ヒロはヒトミの顔を見て【しまった】と声を上げる。
ヒトミから頼まれていたものが有ったのだ、ナパバレーのワインを、アメリカで
直接買って、持ってくることを頼まれていた。
日本ではバカ高い値段で、オプションが付いて、詐欺同然の価格で売られている。
勿論、向こうでも高価で有るが、日本は異常なのだ。
ヒロが忘れたことを謝ると【解っているわよ、ジャン君にお願いして空輸の荷物で
送って貰ったわ】と怒った顔で言う。
ヒロは【それなら、そんな怒った顔するなよ】と言うと。
【ホント頼りない、夕食の準備、さっさとしなさいよ】と言うのだ。
ヒロは【こんな弟使いの荒い姉は姉ちゃんだけだ】とブツブツ言いながら。
娘たちに買い物行くぞと言う。
ヒトミは【エリカちゃんには、お話し有るからここに残って居て】と言う。
ヒロはエリカに笑顔で頷き【良く話を聞いて自分で考えろ、俺は悪い話じゃないと
思う】と言う。
ヒトミはエリカを自分達の養子として、迎える積もりなのだ。
ヒトミが【今日はうちの人も帰ってくるから、きんぴらを作って】と注文する。
コウジはヒロのきんぴらが好きらしい。
ヒロ達は夕食の買い物に行き、鍋と刺身、きんぴらの材料を買った。
ユニオンのスーパーは食材が多彩なのだ。
肉も国内は元より、海外の提携している企業から、物流が有る。
それが貧困国の収入にも成るシステムを作っている。
それは、水循環エネルギーと言う、アドバンテージをユニオンが持って居るから
可能なのだ。
ユニオンの科学部は、今人工的に二酸化炭素を、酸素と炭素に換える、
人工的光合成も研究している。
勿論、植物や自然の力でやるのが、コストも掛からないが、自然への負荷が増え続ける未来を考えるとその研究も必須に感じている。

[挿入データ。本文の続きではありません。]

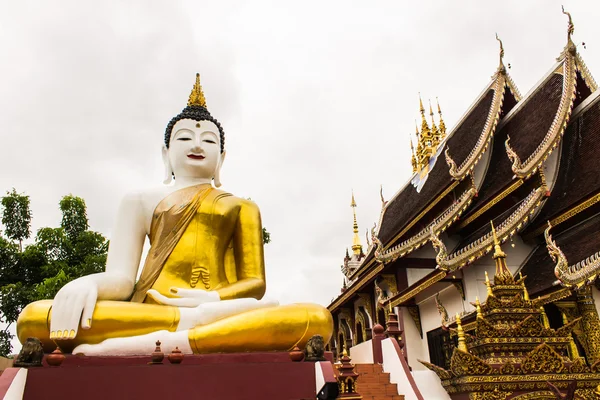 Stor buddha billede på gylden trekant i Ubosot Wat Raja Mon Thian - Stock-foto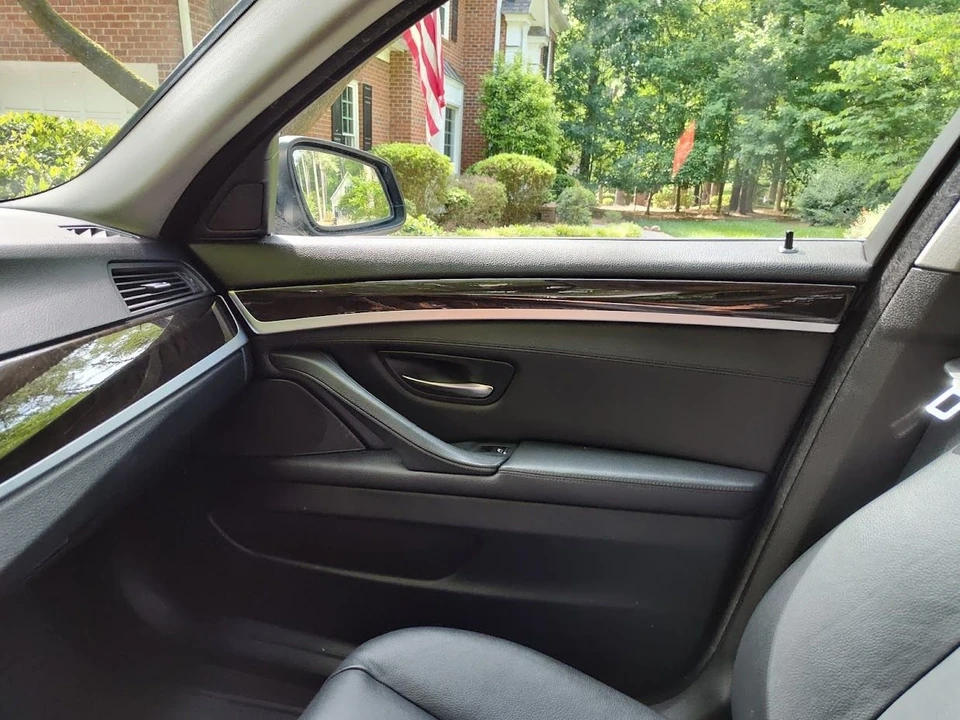 2012 BMW F10 5 Series Sedan - Image 20 of 28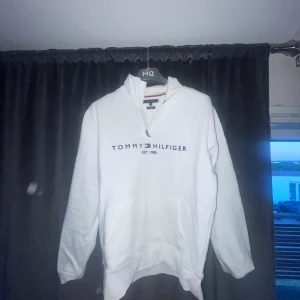 Tommy hilfiger Tröja - Hej, säljer nu min Tommy hilfiger zip tröja eftersom den ej passar mig längre! Condition är: 9/10 Hör av dig om du har några frågor!
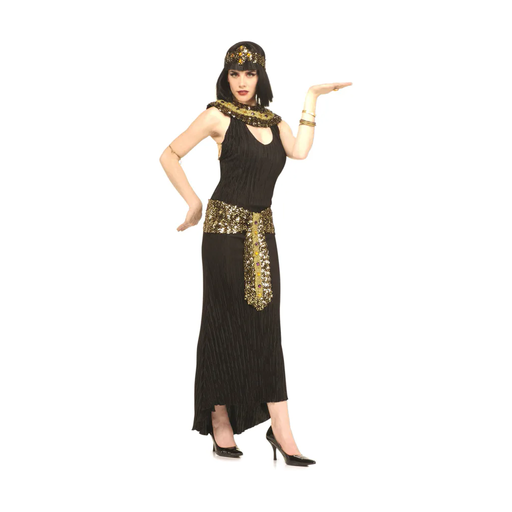 Mujer con disfraz de Cleopatra, vestido negro largo con faja dorada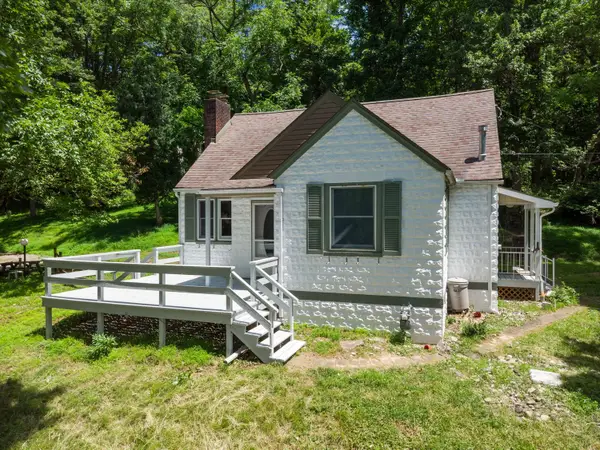 383 Lakeview Dr., Washington, PA 15301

ヒロ達の今日の夕食は豚肉と、しめじ、ネギ、厚揚げ、鳥のツミレの入った、
こぶ出汁醤油味の、スタンダードな鍋と、牛の細切れが入ったきんぴら、
刺身はタコ、するめイカ、イシガキ鯛の刺身を買った。
ヒトミの夫、コウジも帰って来て、皆で日本の食事を楽しむことに。
ヒロは久々の日本酒、香川県の喜び凱陣、金毘羅大芝居を味わう、皆で鍋をつつき
刺身の大皿をつつき、酒を飲む。
ヒロがエリカに【話は決まったか】と聞くとエリカがうなずく。
ヒロが娘たちに大発表が有ると、エリカを立たせて、エリカ自身に
医学を学ぶ事、そしてヒトミとコウジの養子に成ることを発表させた。
美樹が【エーッ、と驚いて、先生いつ頃から話しが有ったの】と聞く。
ヒロが【アメリカの任務が終わる頃からだ】と答える。
美樹が【急すぎるよ先生】と言うとヒロが【美樹今までと何も変わらない、
同じ家族でチームだ、エリカは医療で俺たちを支え、俺たちは任務をこなす
ユニオンは多様な力で動いて、助け合う共同体なんだ】と言う。
エリカが【皆が怪我や病気しても、安心できる医師に成る】と言うと、
ユウが‘【エリカちゃん偉いわ】と抱きしめハグをする。
美樹が【私も医者に成ろうかな?】と言うと、アリサが【アンタじゃ無理でしょ】と言う。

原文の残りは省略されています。